## [Input for this task]
==================================================
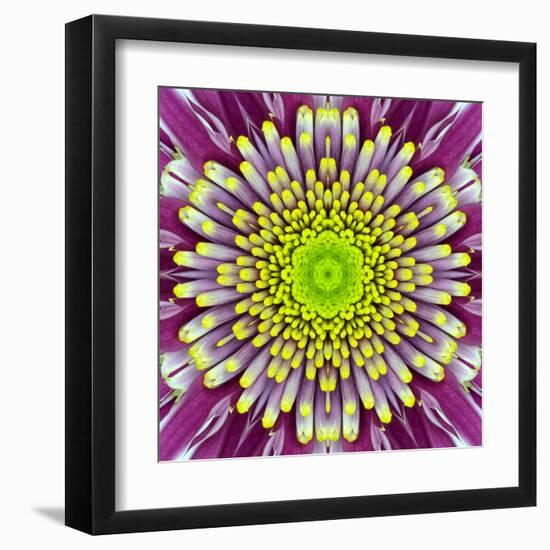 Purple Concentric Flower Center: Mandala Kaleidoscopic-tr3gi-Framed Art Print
==================================================
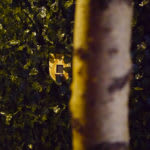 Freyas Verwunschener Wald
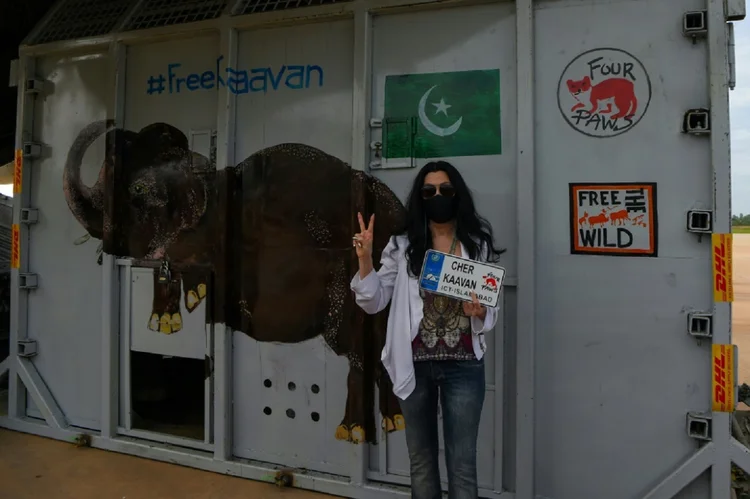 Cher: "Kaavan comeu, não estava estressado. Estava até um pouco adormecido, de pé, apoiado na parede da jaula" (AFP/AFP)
==================================================
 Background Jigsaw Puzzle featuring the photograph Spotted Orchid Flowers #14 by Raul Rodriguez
==================================================
## [Directions for this task]
The data above holds the lines to copy: start at the one with "Freyas Verwunschener Wald", stop at the one with "comeu, não estava", include both, copy them exactly without pictures, and copy nothing else.

## [Result for this exercise]
 Freyas Verwunschener Wald
 Cher: "Kaavan comeu, não estava estressado. Estava até um pouco adormecido, de pé, apoiado na parede da jaula" (AFP/AFP)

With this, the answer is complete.